As reported in Doctors Health Press e-Bulletin (http://www.doctorshealthpress.com/brain-function-articles/second-thoughts-about-gingko-biloba), acetyl-L-carnitine (ALCAR) is an amino acid that occurs naturally. In animal studies, it’s been found to increase energy production in nerve cells, protect nerve cells from toxins, maintain the number of receptors on nerve cells, and increase the availability of acetylcholine. Over the last 30 years, there have been many studies on the effects of ALCAR on memory in dementia patients
The Doctors Health Press e-Bulletin article reports that the results have been mixed. In a meta-analysis of 21 double-blind, placebo-controlled studies, 499 of mild cognitive impairment or Alzheimer’s patients were given 1.5 to 3.0 grams of ALCAR a day versus placebo for three to 12 months. The results showed that ALCAR improved cognitive functions in patients with mild cognitive impairment and prevented cognitive deterioration. This effect was first noted in the third month of treatment.
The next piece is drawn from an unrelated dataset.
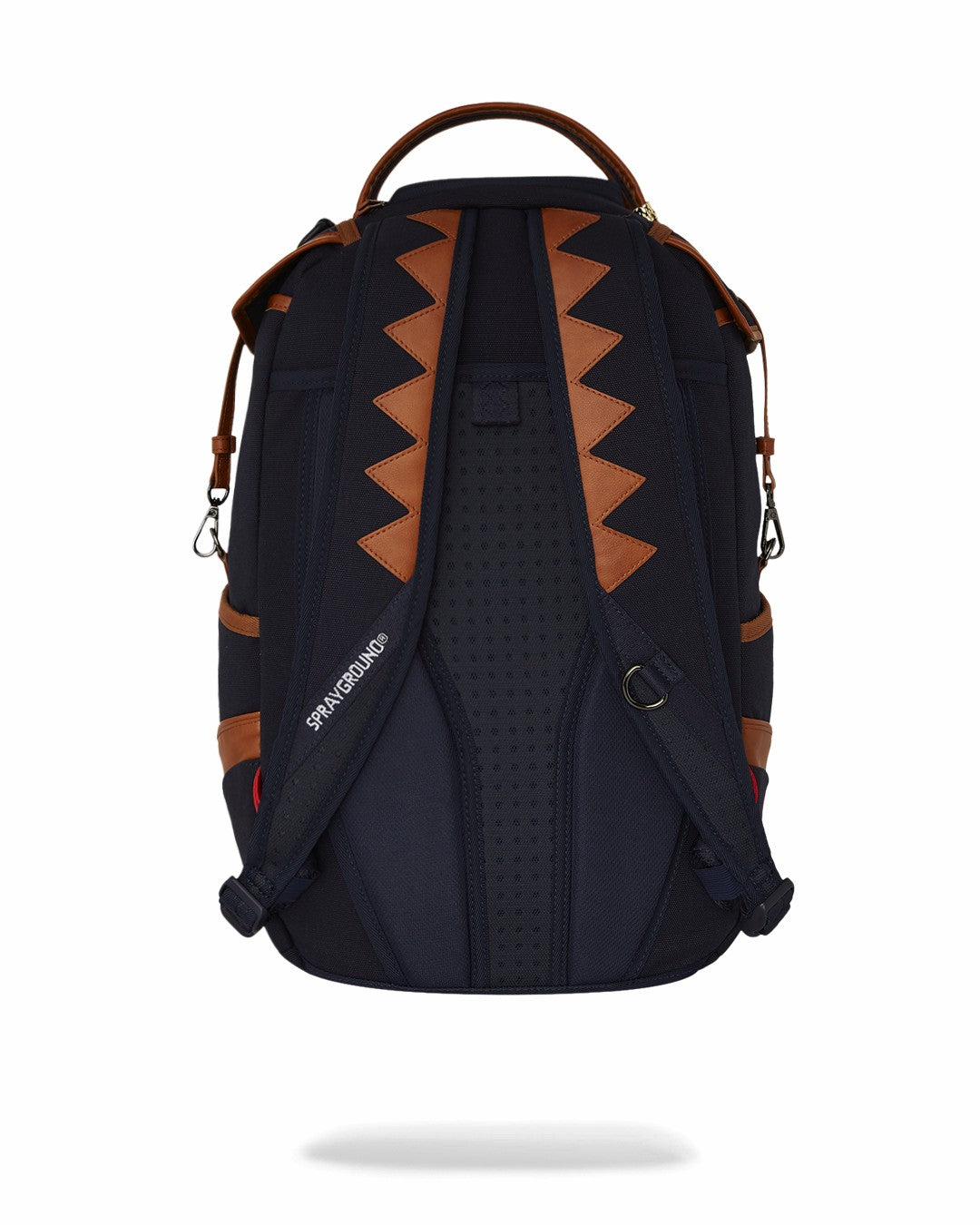 Sprayground IVY LEAGUE CLASSIC BACKPACK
A typical dose of ALCAR is 1,000 to 3,000 milligrams (mg) a day. The most common adverse effects include stomachache, nausea, and diarrhea. Though the meta-analysis showed beneficial effects, an equal number of studies failed to show any benefit. Earlier positive studies used only a small number of Alzheimer’s patients treated for a short period of time. As well, study design was fair to poor. Still, most studies clearly show that adults under 65 years old with mild dementia were the ones who benefited from ALCAR treatment. However, the article says better studies need to be conducted before the use of ALCAR in treating dementia could be fully recommended.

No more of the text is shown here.